The first few years in Emirates were hard, she said. There were stark differences between her previous way of life and the Muslim way of life, between her Western friends and the path she had chosen.

And then there were the difficulties with covering her head, and with Ramadan. Sherifa did not wear a hijab when she worked for Emirates, although she had already started to use it outside of work. The Emirates uniform has a hat and veil of its own, which makes it hard, and then there was the social disconnect.

"It's the same thing as when you face your family," she said. "A hundred questions. And it was hard sometimes, especially trying to fit in. You had to choose between going out with your Western friends and do the things you've always done, or being more Muslim."

"I know I did a lot of things I shouldn't have done," she said of the learning process. "I embraced the faith, but I was still a student, I was still learning. I was slowly getting used to hearing and listening to my tacqwa (conscience)."

Her own family was not an obstacle. An Australian friend, Jawaher, was far younger when she converted to Islam, and her parents did not talk to her for six months. They felt she had thrown away everything they had raised her with.

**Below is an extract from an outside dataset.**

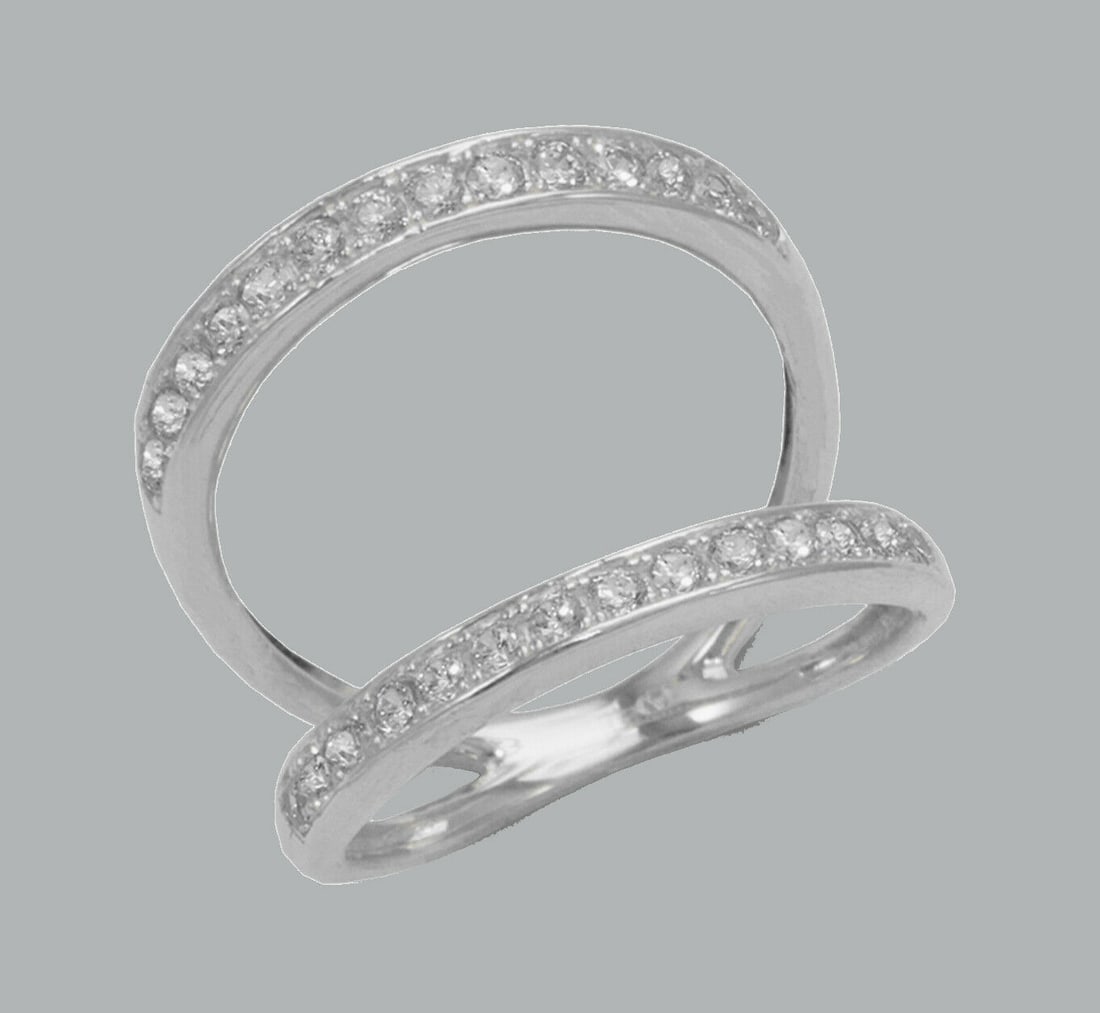 NEW 14K WHITE GOLD LADIES FANCY CZ RING (1 of 1)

"Allah tests you to make sure your faith is strong enough," Jawaher said. "My test was with my family."

Sherifa's test seems to have been with her peers, but there has been a sea change in her faith. That sea change is Hind Essa Al Dabal, Sherifa's one-and-a-half year old daughter. Sherifa got married and left the airline industry early in 2000, long before Hind was born, and had started wearing her hijab and shayla everywhere.

The visible manifestations are only the tip of the iceberg. Sherifa has become stricter with herself, renewed in her faith and divested with a grace and unshakeability that come when one is truly at peace with God.

"My daughter has been the biggest turning point of my life," Sherifa said. "I want to live my life as an example for her, to be a really good Muslim so I can give her the religious grounding I never had."

Hind is currently in London with Sherifa's mother, who converted to Islam shortly after her granddaughter was born. Making trips back home and abroad as a practising and visible Muslim also gave Sherifa the opportunity to experience the international solidarity of Muslims.

Sherifa has come a long way on her journey, but knows she still has far to go. Ramadan has become much easier. Every night this Ramadan, she is working for the Shaikh Mohammed Centre for Cultural Understanding, manning its majlis outside the Grand Mosque in Jumeirah.

Dressing in the traditional way has become habit. "I feel really strange to go out without my hijab now," she said. "It's almost like I'm naked without it."

Growing closer to God has not come without its share of testing times, however. The last year-and-a-half has been particularly hard. Friends have asked how she is able to cope, and how she can retain her sense of humour in the midst of all the troubles. Her answer is simple. "If I didn't have my faith to rely on and my God, I wouldn't have been able to cope," she said. "It keeps me strong."

Sherifa has come a long way on her journey, but knows she still has a long way to go. "You don't become a better person just by becoming Muslim," she said. "It's not like suddenly everything is going right and you're doing everything right. It's still a struggle."